Médias
Julien Hébrard ∙04 Avr 2025∙ 2 min
Le New York Times, c'est d'abord un excellent journal avec d’excellents journalistes. Pour beaucoup d’entre eux, intégrer le Times est souvent l’aboutissement d’une carrière. Les quelques 1 700 journalistes qui composent sa rédaction sont donc triés sur le volet, et la concurrence est rude. Quand tout le monde se bat pour vous rejoindre, vous n'avez plus qu'à sélectionner les meilleurs. Résultat : le nombre de prix Pulitzer (les Oscar du journalisme) que le journal a reçu atteint les sommets, plus de 130 à l'heure actuelle. À titre de comparaison, The Washington Post, deuxième au classement, n'en a obtenu "que" 76. Autant dire qu'il n'est pas prêt de se faire rattraper.

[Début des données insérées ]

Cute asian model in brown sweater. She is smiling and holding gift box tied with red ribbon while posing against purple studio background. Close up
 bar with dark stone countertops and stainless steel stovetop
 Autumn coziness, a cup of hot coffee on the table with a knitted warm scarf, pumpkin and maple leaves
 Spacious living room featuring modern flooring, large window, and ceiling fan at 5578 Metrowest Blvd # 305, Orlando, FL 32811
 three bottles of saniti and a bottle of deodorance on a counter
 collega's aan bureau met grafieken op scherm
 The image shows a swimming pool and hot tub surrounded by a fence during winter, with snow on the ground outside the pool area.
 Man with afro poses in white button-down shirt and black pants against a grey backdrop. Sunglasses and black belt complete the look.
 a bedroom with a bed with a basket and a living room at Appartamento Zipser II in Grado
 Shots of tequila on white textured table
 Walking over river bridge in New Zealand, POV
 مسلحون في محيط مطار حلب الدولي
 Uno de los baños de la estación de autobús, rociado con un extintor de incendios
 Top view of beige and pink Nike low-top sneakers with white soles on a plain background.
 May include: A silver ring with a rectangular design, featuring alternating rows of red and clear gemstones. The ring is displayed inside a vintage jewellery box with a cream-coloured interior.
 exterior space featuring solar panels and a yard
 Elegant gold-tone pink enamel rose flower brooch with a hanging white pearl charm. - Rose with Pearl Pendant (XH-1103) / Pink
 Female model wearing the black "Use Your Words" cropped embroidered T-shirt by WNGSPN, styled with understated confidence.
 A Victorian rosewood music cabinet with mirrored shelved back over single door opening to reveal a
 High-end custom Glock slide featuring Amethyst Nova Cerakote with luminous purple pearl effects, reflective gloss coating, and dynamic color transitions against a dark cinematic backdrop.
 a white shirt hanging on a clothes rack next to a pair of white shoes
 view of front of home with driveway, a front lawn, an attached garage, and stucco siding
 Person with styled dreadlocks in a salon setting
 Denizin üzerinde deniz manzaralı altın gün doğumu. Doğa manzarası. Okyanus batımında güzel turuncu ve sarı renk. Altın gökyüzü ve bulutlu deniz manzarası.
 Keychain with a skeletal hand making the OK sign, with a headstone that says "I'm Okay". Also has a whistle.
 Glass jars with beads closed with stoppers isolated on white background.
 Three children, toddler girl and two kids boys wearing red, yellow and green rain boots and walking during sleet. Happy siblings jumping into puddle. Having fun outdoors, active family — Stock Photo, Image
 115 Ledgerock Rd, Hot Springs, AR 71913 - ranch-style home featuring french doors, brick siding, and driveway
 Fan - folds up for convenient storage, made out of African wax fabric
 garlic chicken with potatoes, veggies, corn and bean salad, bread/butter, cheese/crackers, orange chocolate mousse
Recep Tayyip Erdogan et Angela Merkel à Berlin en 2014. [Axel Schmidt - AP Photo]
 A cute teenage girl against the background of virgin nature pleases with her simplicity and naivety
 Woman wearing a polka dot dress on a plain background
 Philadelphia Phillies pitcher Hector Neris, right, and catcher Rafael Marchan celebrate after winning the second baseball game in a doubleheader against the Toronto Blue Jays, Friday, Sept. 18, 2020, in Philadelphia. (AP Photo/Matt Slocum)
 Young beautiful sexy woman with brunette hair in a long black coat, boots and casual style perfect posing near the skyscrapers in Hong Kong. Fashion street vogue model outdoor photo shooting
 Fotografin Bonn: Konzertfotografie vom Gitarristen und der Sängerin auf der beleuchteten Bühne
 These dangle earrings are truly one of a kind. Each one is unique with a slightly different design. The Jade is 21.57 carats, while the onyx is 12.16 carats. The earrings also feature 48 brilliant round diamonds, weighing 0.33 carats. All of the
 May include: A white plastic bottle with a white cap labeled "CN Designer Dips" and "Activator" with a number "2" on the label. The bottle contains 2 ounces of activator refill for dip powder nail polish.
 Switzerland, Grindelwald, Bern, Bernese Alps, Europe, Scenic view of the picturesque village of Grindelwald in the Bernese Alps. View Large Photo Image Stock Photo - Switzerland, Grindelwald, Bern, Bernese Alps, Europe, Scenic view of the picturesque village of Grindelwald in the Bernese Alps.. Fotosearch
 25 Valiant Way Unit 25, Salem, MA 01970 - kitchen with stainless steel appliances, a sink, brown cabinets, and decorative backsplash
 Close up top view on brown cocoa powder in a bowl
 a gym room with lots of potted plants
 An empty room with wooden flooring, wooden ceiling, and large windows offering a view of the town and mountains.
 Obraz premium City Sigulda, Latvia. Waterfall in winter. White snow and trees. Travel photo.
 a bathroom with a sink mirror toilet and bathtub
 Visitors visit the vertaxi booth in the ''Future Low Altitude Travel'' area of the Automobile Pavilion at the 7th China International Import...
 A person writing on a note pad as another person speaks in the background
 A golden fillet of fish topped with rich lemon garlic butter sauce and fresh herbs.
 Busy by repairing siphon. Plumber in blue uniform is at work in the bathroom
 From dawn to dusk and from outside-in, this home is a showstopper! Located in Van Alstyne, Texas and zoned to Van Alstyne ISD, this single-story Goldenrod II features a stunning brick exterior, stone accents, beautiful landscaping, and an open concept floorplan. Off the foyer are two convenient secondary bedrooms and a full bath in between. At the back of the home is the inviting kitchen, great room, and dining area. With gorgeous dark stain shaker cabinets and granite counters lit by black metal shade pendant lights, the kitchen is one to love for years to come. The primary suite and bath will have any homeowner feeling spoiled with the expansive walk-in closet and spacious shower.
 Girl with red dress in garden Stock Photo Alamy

Son récent basculement sur sa gauche, emblématique du fossé actuellement en train de se creuser entre deux Amériques irréconciliables, n’enlèvent rien à la qualité de son journalisme. Comme je l'avais déjà évoqué dans un autre billet, le parti-pris et la prise de position assumée ne sont absolument pas incompatible avec du journalisme de qualité. Le débat sur la nouvelle ligne éditoriale du New York Times est parfaitement légitime, mais force est de constater que ses sujets sont sélectionnés avec soin, recherchés et bien écrits. Tout comme le sont ses dessins de presse, ses illustrations, ses graphiques, ses vidéos...
C'est d'ailleurs peut-être là qu'est à chercher le succès du NYT. Écrire de bons articles est une condition nécessaire pour éditer un bon journal, mais pas suffisante pour créer un média d'envergure internationale. L'éclatante santé du New York Times est la conjonction d'une bonne rédaction et d'une vision stratégique, ainsi que des moyens de la mettre en oeuvre. La vraie difficulté réside, non pas dans la rédaction de bons papiers, comme de nombreux journaux sont capables de le faire à travers le monde, mais dans la bonne exécution et la bonne organisation. Ce qui a d'ailleurs fait son grand succès, c’est le virage d’Internet, qu’il a su prendre avec brio, en anticipant l'impact de cette nouvelle technologie et en prenant toute sa part dans son adoption par le grand public.
Le New York Times a été l'un des premiers grands journaux à se lancer en ligne, dès les années 90. Son équipe dirigeante a rapidement compris l'importance croissante d’Internet dans la vie quotidienne et la nécessité d'explorer ce nouvel environnement et d'y créer un site, avant d’y investir massivement. Dans les années 90, le potentiel du web était pourtant très limité : il fallait se contenter d'un site-vitrine de quelques pages, que l'on consultait principalement pour découvrir quelques Unes, sans possibilité de lire les articles ou de s'abonner. Cette vision lui aura finalement donné une telle longueur d’avance sur les autres journaux qu’elle est aujourd’hui difficilement rattrapable, tant il a les moyens d’investir dans tous les sens et sur toutes les techno : du montage vidéo au référencement en passant par le graphisme et même les jeux en ligne (pour rappel, le journal est propriétaire du jeu Wordle).
Le tout en adaptant sa ligne éditoriale et en recrutant en conséquence : le NY Times emploie plus de 5 000 personnes, dont 2 000 journalistes. Plus qu’un journal, le New York Times est aujourd’hui une marque et un symbole d’excellence. C’est un atout précieux pour attirer les lecteurs, les abonnés et les annonceurs du monde entier, ce qui crée de fait un cercle vertueux : les investissements génèrent de nouveaux abonnés, qui génèrent eux-mêmes de nouveaux investissements.
En somme, la réussite du New York Times est le fruit d'un mélange de tradition journalistique, d'innovation technologique et de renommée mondiale. Le faire tomber de son piédestal risque d’être compliqué.